Phat writes: You seem to prefer a universe where you not only have the responsibility of all of your decisions, but veto power over the consequences also. You want to play God in your own mind, it seems. More bullshit and utter dishonest misrepresentation. I imagine though you say such things as a way to live with yourself and if it makes you feel better then go for it.
Phat writes: Here you go again...making the humanity of Jesus the main issue. You also insist that we remain fully responsible for our actions and thus able to judge God (as plot device) for His actions. You bypass the entire belief or ideology of Jesus as God in the flesh...propitiation for our sins. No, I reject and disparage that concept as cheapening Jesus and Jesus' message but it is the Bible that says we have the same capability as God to determine right from wrong and that we should judge God's actions.

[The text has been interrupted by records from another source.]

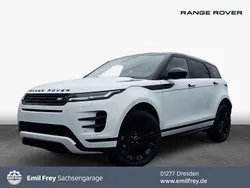 Fuji white uni Neu 2025 Land Rover Range Rover evoque Black Edition SUV | 62.995 € (Fairer Preis)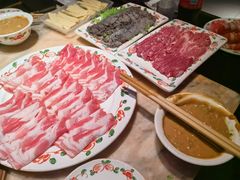 -清真·老门框爆肚涮肉·中华老字号(丰管路店)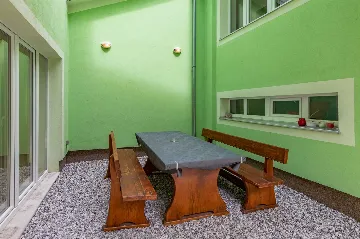 3-Bedroom House with Private Pool in Labin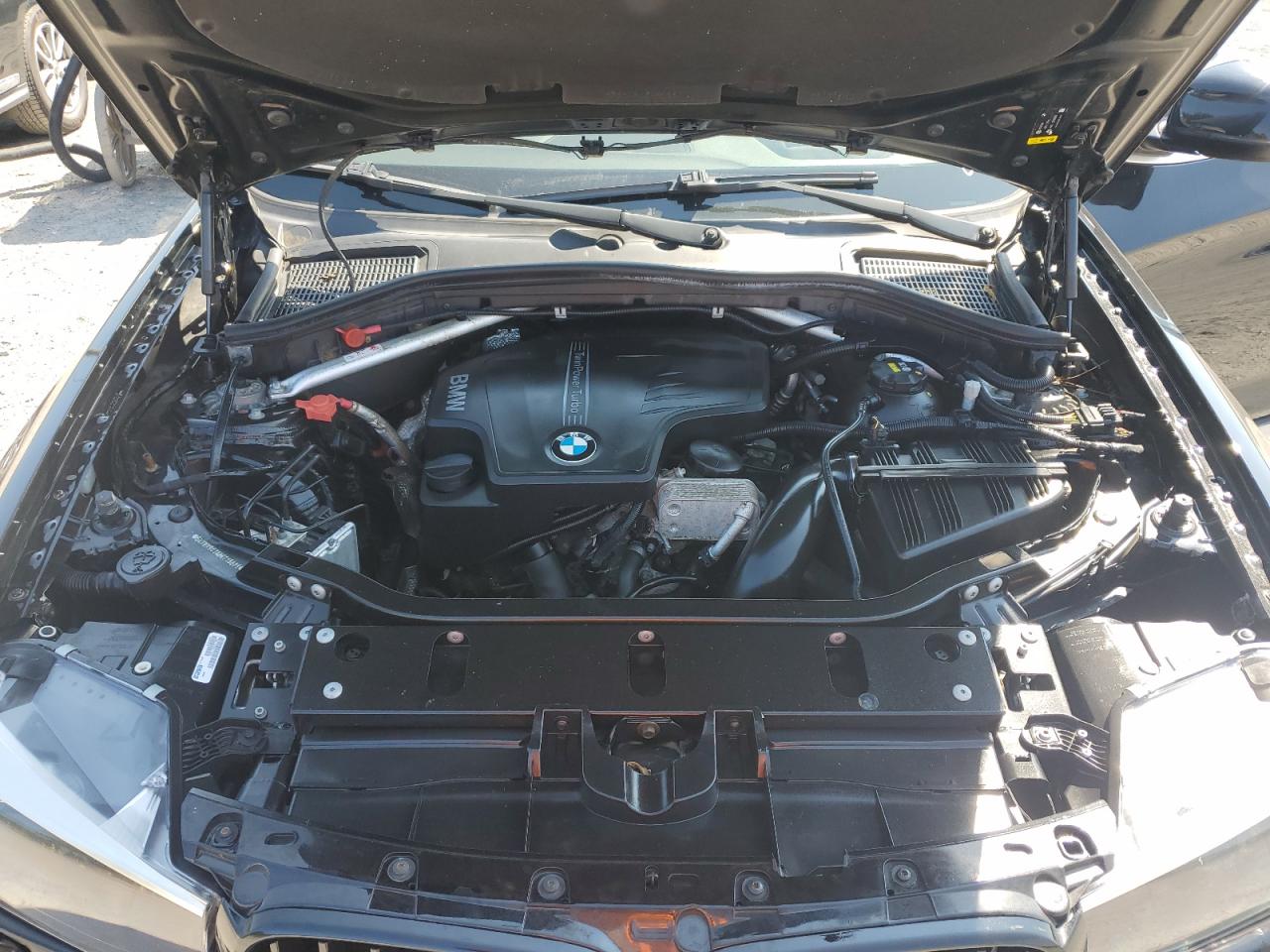 2017 BMW X3 xDrive28I VIN: 5UXWX9C38H0T19981 Lot: 81644655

Phat writes: Thus you ascribe to the belief that we are capable of renouncing and correcting all of our sins. If this were true, there would be no need for Gods Son to be raised from the dead. By the way...why is it a joke for Jesus to have risen (or been raised) from the dead? More misrepresentation from you Phat. No where have I ever said or implied that we are capable of renouncing and correcting all of our sins and in fact on numerous occasions I have said that we are fully responsible for our sins and that only we are responsible for our sins. What I have said is that our sins have not been paid for and that we will be judged and we will not know if any of those sins will be forgiven until after we have died and been judged. If Jesus was God in the flesh when living among us it tells us nothing about whether or not humans will rise from the dead or experience an afterlife. And a God rising from the dead is no big deal.Anyone so limited that they can only spell a word one way is severely handicapped!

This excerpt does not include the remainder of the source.